Kompas.com - 11/05/2021, 15:17 WIB

KUPANG, KOMPAS.com - Seorang perempuan berinisial AP membunuh bayinya di dalam hutan Kuan Nunuh, Desa Oebesi, Kecamatan Amarasi Timur, Kabupaten Kupang.

Terungkap, sebelum mencekik bayinya hingga tewas, AP sempat berupaya menghilangkan nyawa anaknya dengan ramuan penggugur kandungan.

"Dari pemeriksaan sejumlah saksi dan juga pelaku, terungkap kalau sebelum membunuh bayinya, pelaku membeli ramuan penggugur kandungan dengan harga Rp 350.000,"ungkap Pejabat Humas Polres Kupang Aiptu Randy Hidayat, kepada Kompas.com, Selasa (11/5/2021).

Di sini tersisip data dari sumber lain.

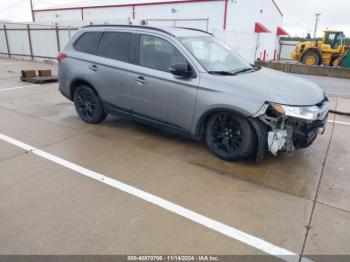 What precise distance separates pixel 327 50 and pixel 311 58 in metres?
1.09

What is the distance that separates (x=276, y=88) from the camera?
3828 millimetres

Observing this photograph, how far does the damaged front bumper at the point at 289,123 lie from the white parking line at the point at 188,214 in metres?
1.44

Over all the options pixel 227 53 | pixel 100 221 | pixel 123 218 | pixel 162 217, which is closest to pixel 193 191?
pixel 162 217

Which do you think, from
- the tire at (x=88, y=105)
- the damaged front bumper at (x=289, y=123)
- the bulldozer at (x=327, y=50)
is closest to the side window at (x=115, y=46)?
the tire at (x=88, y=105)

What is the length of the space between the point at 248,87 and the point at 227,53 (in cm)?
136

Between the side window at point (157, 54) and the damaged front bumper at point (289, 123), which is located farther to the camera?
the side window at point (157, 54)

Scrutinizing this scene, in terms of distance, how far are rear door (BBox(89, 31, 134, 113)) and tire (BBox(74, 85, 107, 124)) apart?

Baca juga: Kisah Pengemis yang Raup Rp 18 Juta Per Bulan, Bisa Bangun Rumah dan Beli Sepeda Motor

Ramuan diperoleh dari tetangganya

Ilustrasi racunShutterstock Ilustrasi racun

Ramuan penggugur kandungan itu lanjut Randy, diperoleh AP dari seorang wanita yang tinggal bertetangga dengan inisial HMT.

Randy menyebut, AP menemui HMT sebanyak empat kali mulai dari Bulan Maret hingga April 2021.

Setiap kali berkunjung ke HMT, pelaku AP memberikan imbalan yang totalnya Rp 350.000.

Menurut Randy, AP mencari ramuan itu saat usia kehamilan enam bulan.

Dia menyebut, HMT memberikan ramuan berupa cairan yang ditaruh di dalam botol air mineral berukuran 1,5 liter.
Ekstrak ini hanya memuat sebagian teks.